WORK INSTRUCTION =>
The material is to be repeated exactly, from first line to last.

=== SUPPLIED MATERIAL ===

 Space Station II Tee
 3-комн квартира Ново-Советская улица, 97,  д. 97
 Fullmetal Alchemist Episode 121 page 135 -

===

WRITTEN SOLUTION =>
 Space Station II Tee
 3-комн квартира Ново-Советская улица, 97,  д. 97
 Fullmetal Alchemist Episode 121 page 135 -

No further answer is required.